私がレッスンで重要視しているのは、
「生徒さんに実力がつくこと。」
どういう事かというと、例えば、発表会などでとても上手に弾けていた人がいるとします。
でも、その生徒さんが、しばらくその曲を弾かないでいる間に弾けなくなっていたりすることがあるのです。

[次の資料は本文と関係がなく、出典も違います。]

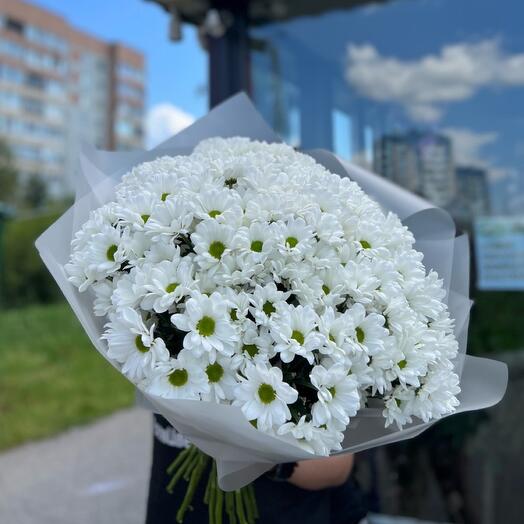Букет из 25 хризантем ромашкой
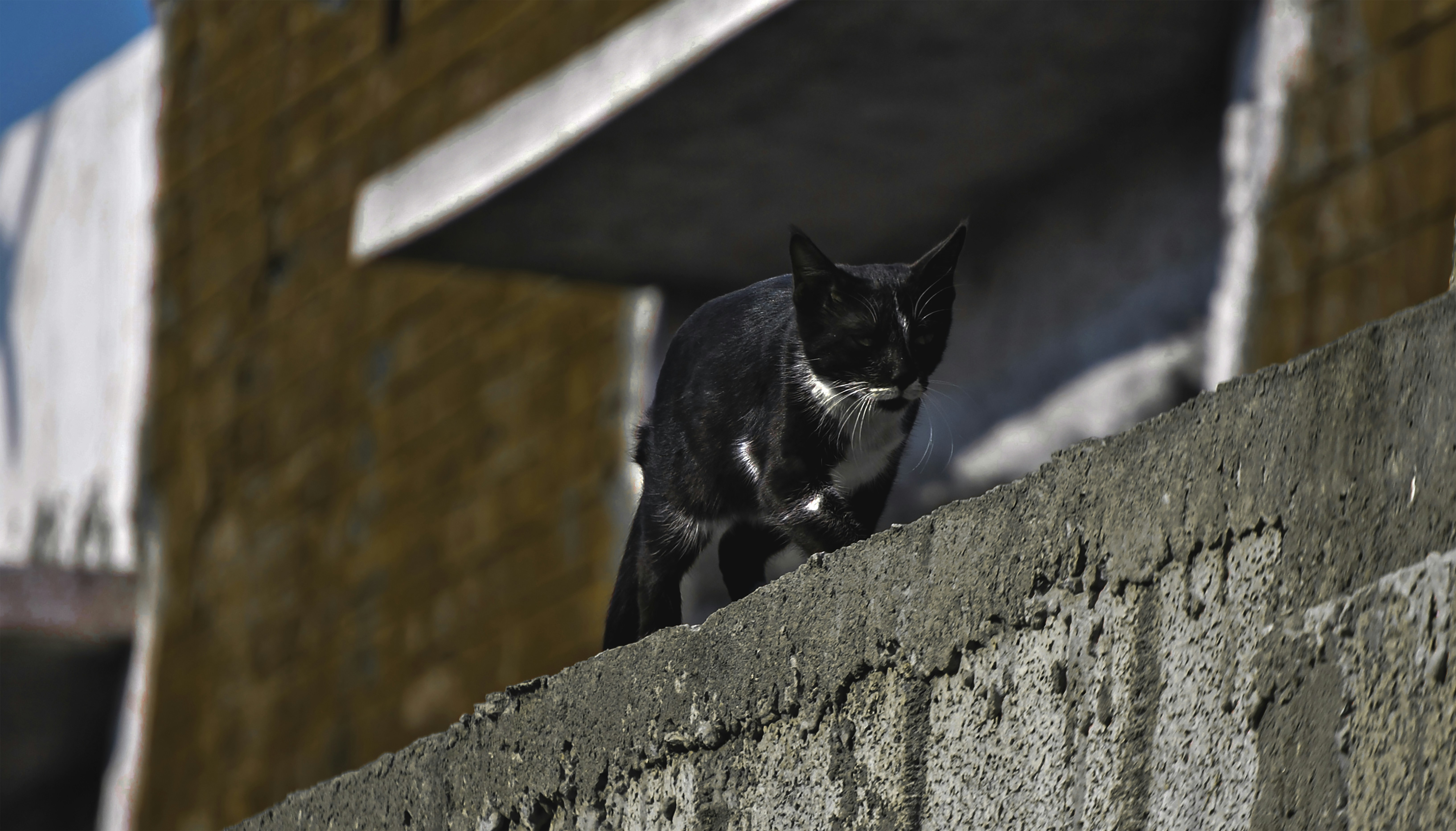 Cat photo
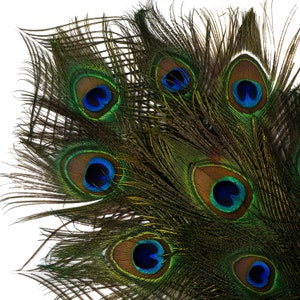 Natural Peacock Feathers, 8-15 inch Natural Peacock Bird Feathers, Short Peacock Feathers, Small Natural Cut Peacock Tail Feathers ZUCKER®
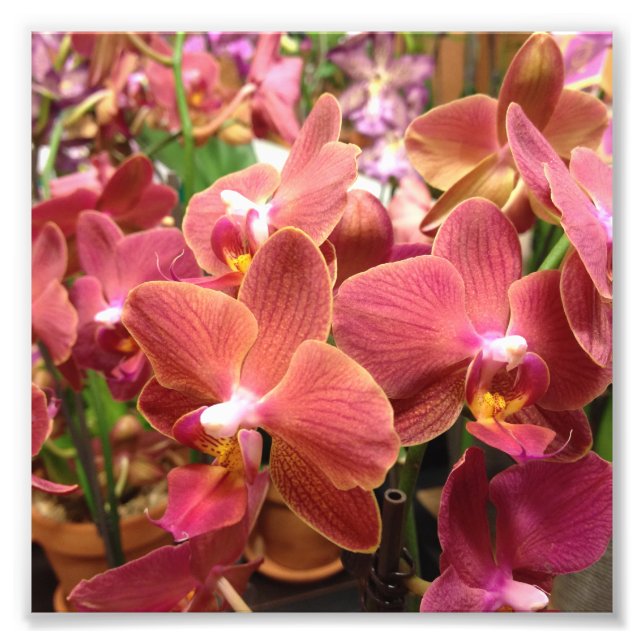Orchid Flowers Photos Photo Print (Front)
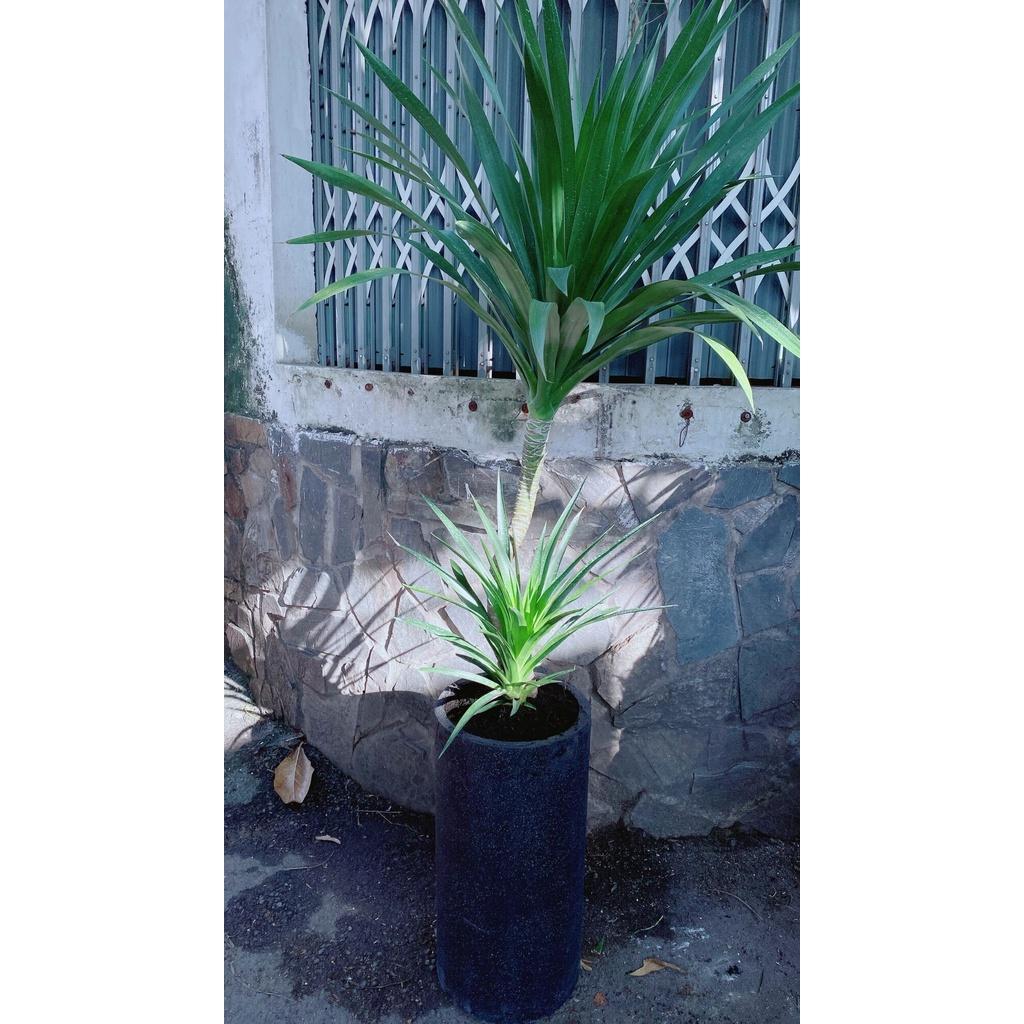 Chậu Phát Tài Núi 2 Tầng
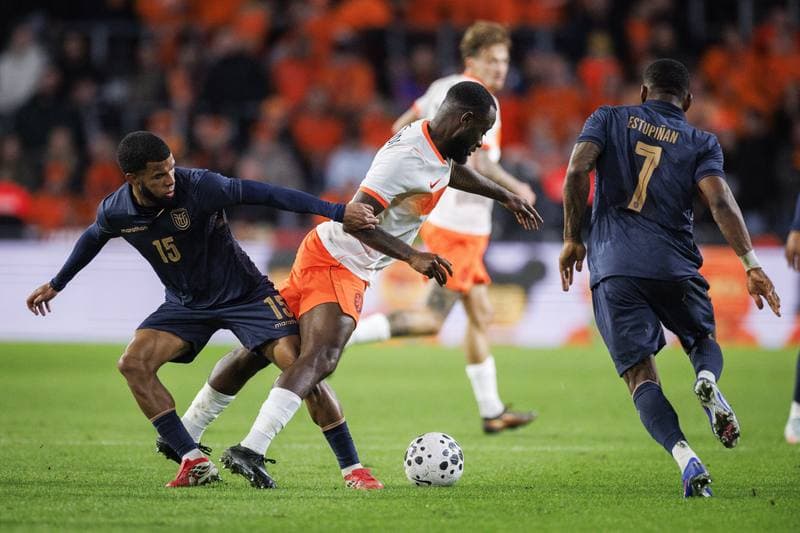 Football. International Friendly. Netherlands - Ecuador. 31.03.2026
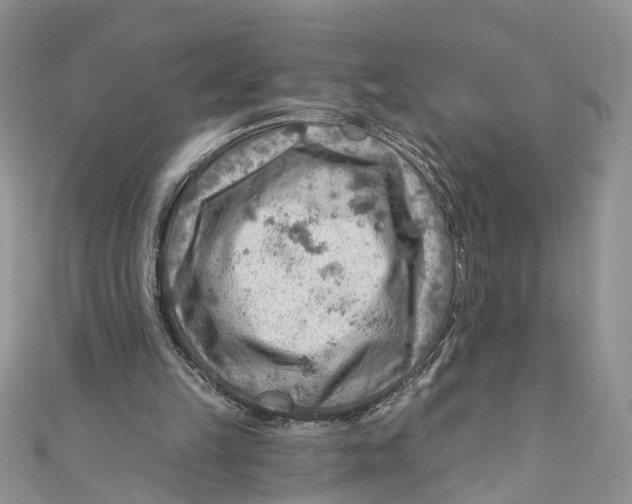 X0000111040149200907161352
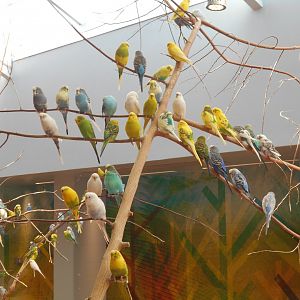 Budgies (Wild Encounters)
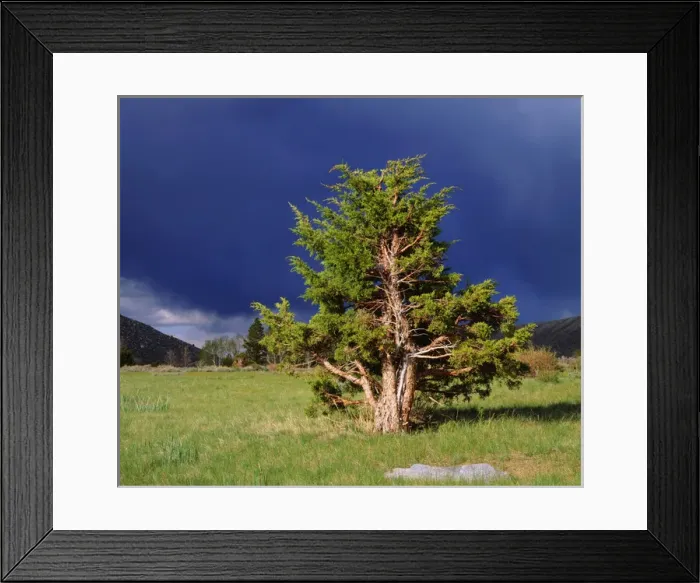 Framed Print : USA; California; Sierra Nevads Mountains Framed Print : USA; California; Sierra Nevads Mountains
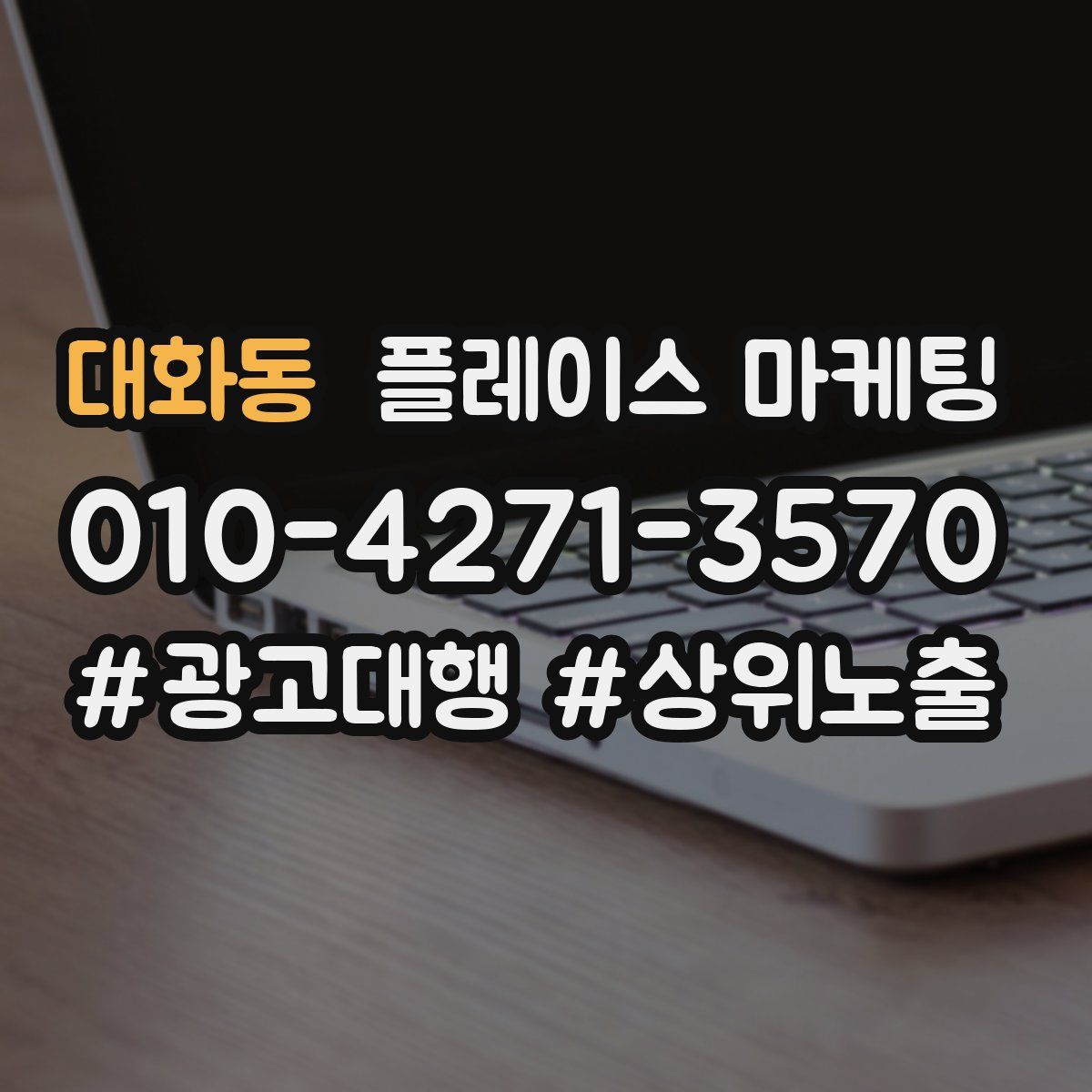 대화동 플레이스 마케팅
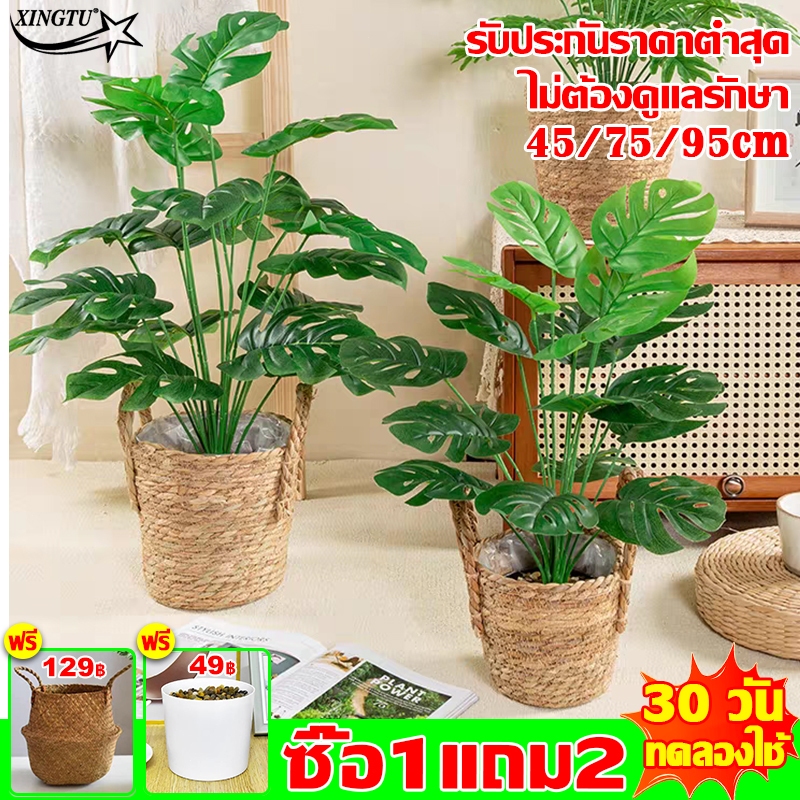 ซื้อ1แถม2กระถาง มอนเสตอร่า ต้นไม้ปลอม ต้นไม้พลาสติก ความจำลอง 99.9% ต้นไม้ปลอม ไม้มงคล95cm/24ใบ ตกแต่งบ้าน ต้นไม้มงคล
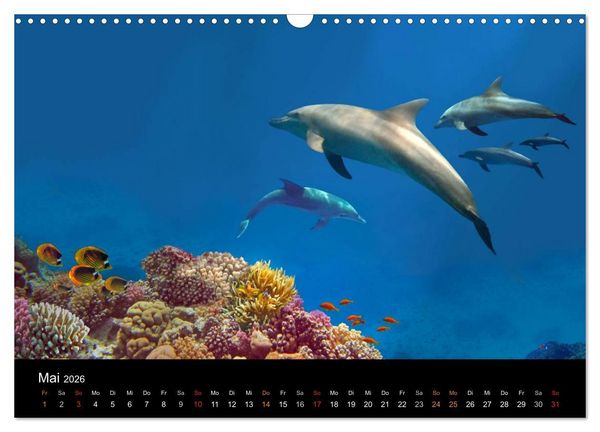 Produktbild: Riffleben - Einfach mal abtauchen (Wandkalender 2026 DIN A3 quer), CALVENDO Monatskalender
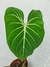 Philodendron gloriosum 'Dark Form'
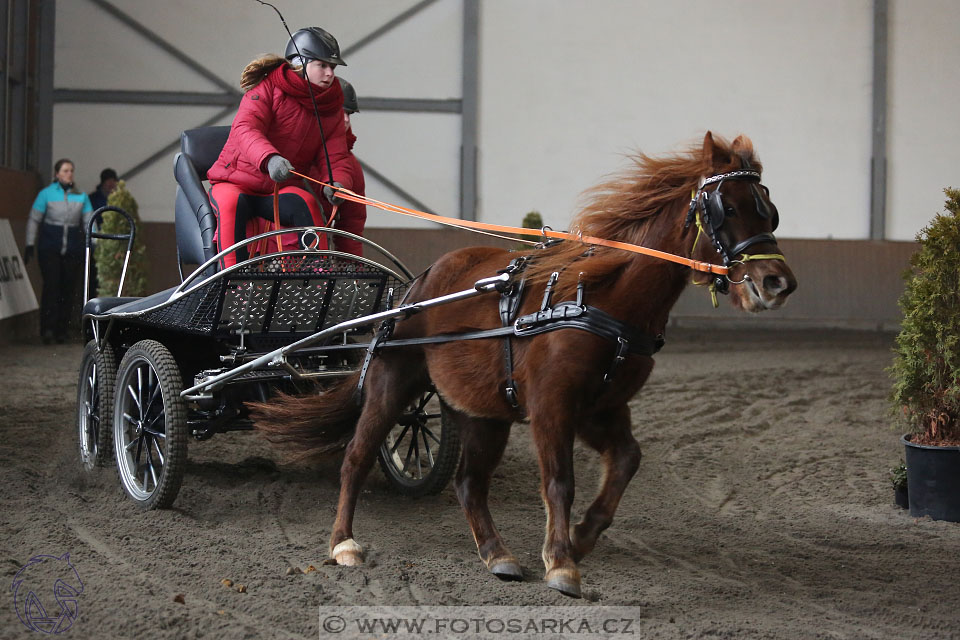 28.1.2017 - spřežení Hradištko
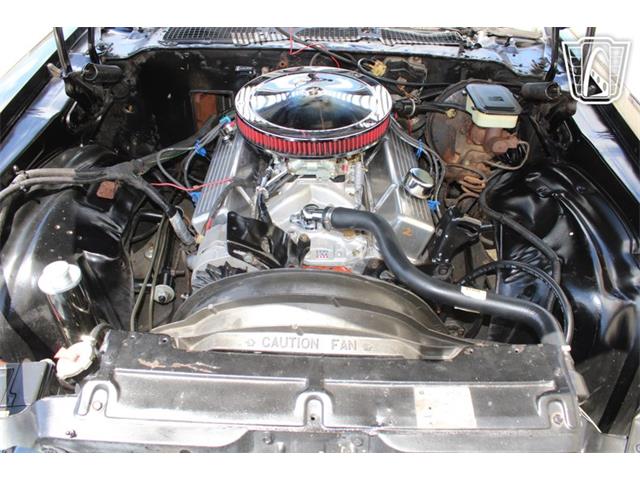 1981 Chevrolet Camaro (CC-2079694) for sale in Houston, Texas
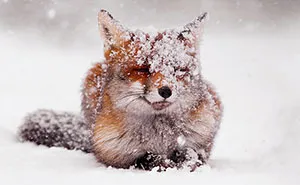 Foxy Christmas Fairytale By Dutch Photographer Roeselien Raimond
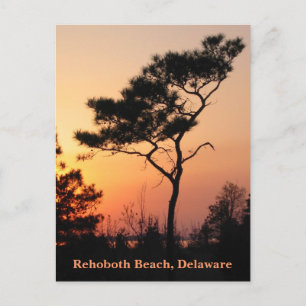 Postales de Sunset Rehoboth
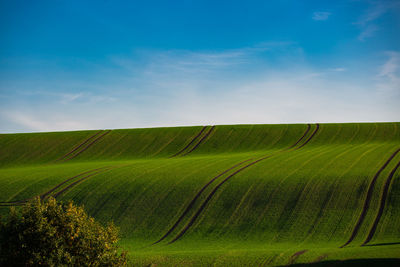 Scenic view of agricultural field against sky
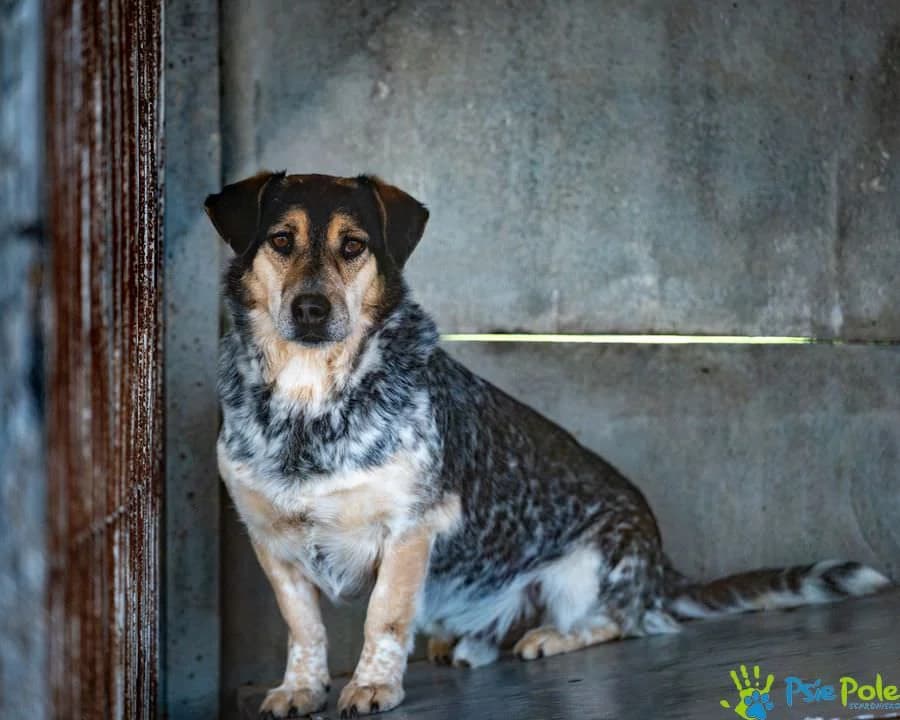 DROPCIO, male 6yo Mixed Breed for adoption at Schronisko Psie Pole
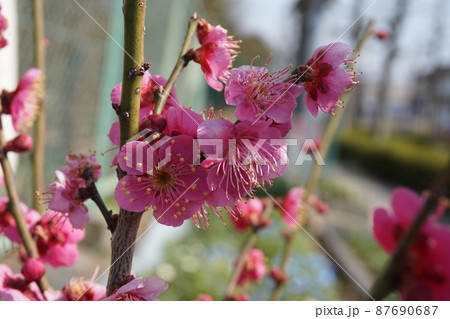 梅の花 87690687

または、新しい曲にとりかかったときに、また苦労して練習をしなくてはならないとか。
これは、実力がついた、と言えないのではないかと思います。
何かの事情で他の教室からかわってくる方に時々見受けられます。
聞くと、教則本は曲集の1冊のみ。
毎回先生が弾くお手本演奏をきいて真似をする。
自分で譜面を読めない。
ポジションの移動も耳頼りで不確か。
など。
今までとても一生懸命に練習してこられた様子なのに、とても残念なのです。
せっかく何年もバイオリンを練習したからには、
初めてみる楽譜がそれなりに弾けるとか、
何年か前に発表会で弾いた曲が、少しさらえば、また弾けるようになるとか、でありたいですよね。
そのための練習方法や教材があります。
私が日々行うレッスンはそれを主眼においています。
その練習は人によってはあまり楽しい、とは言えませんが、
毎日地味にこつこつ練習してそのテクニックを身につけ、腑に落ちたとき、
「なんだ、こうやって弾いているんだ!」
単なる指を指版に落とすだけの動作さえ、楽しくて、いつまでも弾いていたくなります。
新しい曲を譜読みするのも、楽しくなります。
この感覚は学習している最中は全然わからなくて、まるで高い山に登っているみたいなもの。
無心になって一歩一歩進み、頂上について、ああ、こういう景色なんだ、とわかるみたいです。
私がやるのは、安全な登山道を生徒さんがちゃんと登るのを見守り、ガイドすること。
横道にそれそうになったら、正しい道を指し示すこと、です。
とっても地味な作業ですが、不思議と生徒さんは、定規にあてられたように?すっと整う感じがするようです。
癖のないプレーンな弾き方をまず身に付けて、そこから生徒さん独自の色合いの音楽を作っていってほしいと思います。